Mahajan, Amit; Goldberg, Sarah L; Weiss, Sarah A; Tran, Thuy; Singh, Kanwar; Joshi, Kavita; Aboian, Mariam S; Kluger, Harriet M; Chiang, Veronica L.
Afiliação
  • Mahajan A; Department of Radiology and Biomedical Imaging, Yale University School of Medicine, Neuroradiology Section, CB 30, 333, Cedar St, New Haven, CT, 06510, USA. amit.mahajan@yale.edu.
  • Goldberg SL; Department of Medicine (Medical Oncology), Yale University School of Medicine, New Haven, CT, USA.
  • Weiss SA; Department of Medical Oncology, Rutgers Cancer Institute of New Jersey, New Brunswick, NJ, USA.
  • Tran T; Department of Medicine (Medical Oncology), Yale University School of Medicine, New Haven, CT, USA.
  • Singh K; Department of Radiology and Biomedical Imaging, Yale University School of Medicine, Neuroradiology Section, CB 30, 333, Cedar St, New Haven, CT, 06510, USA.
  • Joshi K; Department of Radiology and Biomedical Imaging, Yale University School of Medicine, Neuroradiology Section, CB 30, 333, Cedar St, New Haven, CT, 06510, USA.
  • Aboian MS; Department of Radiology, Children's Hospital of Philadelphia , Philadelphia, PA, USA.
  • Kluger HM; Department of Medicine (Medical Oncology), Yale University School of Medicine, New Haven, CT, USA.
  • Chiang VL; Department of Neurosurgery, Yale School of Medicine, New Haven, CT, USA.
J Neurooncol ; 2024 Jul 04.
Article em En | MEDLINE | ID: mdl-38963658
ABSTRACT

PURPOSE:

Central nervous system (CNS) metastases from lung cancers and melanoma, significantly contribute to morbidity and mortality.
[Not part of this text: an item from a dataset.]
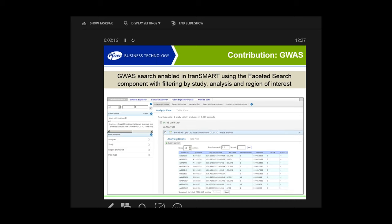What you ultimately want to do is be able to go through these studies, and the faceted search tool is a way of doing that. On the left-hand side, there's analysis, study, region of interest, and data type. In addition to standard case-control GWAS sets, we also have eQTLs and the metabolomic QTLs. You can filter on all those criteria.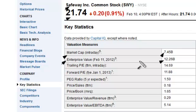Rather than just looking at market cap, which is only looking at the equity, this is actually giving you more in-depth information — preferred shares, the common shares, as well as the debt and minority interest. And then you can, of course, subtract the cash.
Despite advances in local therapies, there is a need for effective systemic treatments. Pembrolizumab, a PD-1 inhibitor, has shown promise for some patients with untreated brain metastases from melanoma and non-small cell lung cancer (NSCLC). This study aims to analyze the response of brain metastasis to pembrolizumab and associate characteristics like size and location with treatment outcome.

METHODS:

This retrospective study used imaging data from a phase II trial of pembrolizumab in melanoma or NSCLC patients with untreated brain metastases. MRI evaluations were conducted at 2 month intervals, with each brain metastasis treated as a distinct tumor for response assessment, based on modified RECIST criteria (maximum 5 lesions, 5 mm target lesions).

RESULTS:

Of 130 individual target metastases (> 5 mm), in 65 patients with NSCLC (90 metastases) and Melanoma (40 metastases), 32 (24.6%) demonstrated complete resolution, 24 (18.5%) had partial resolution, 32 (24.6%) were SD and 42 (32.3%) demonstrated PD. Those smaller than 10 mm were more likely to show complete resolution (p = 0.0218), while those ≥ 10 mm were more likely to have PR. There was no significant association between size, number or location (supratentorial vs. infratentorial) and lesion progression. The median time to metastatic lesion progression in the brain was 5.7-7 weeks.

CONCLUSION:

Pembrolizumab is effective in brain metastases from NSCLC and melanoma, showing response (CR + PR) in 43% and progression (PD) in 32% of metastases. With the median time to CNS progression of 5.7-7 weeks, careful radiographic monitoring is essential to guide timely local treatment decisions.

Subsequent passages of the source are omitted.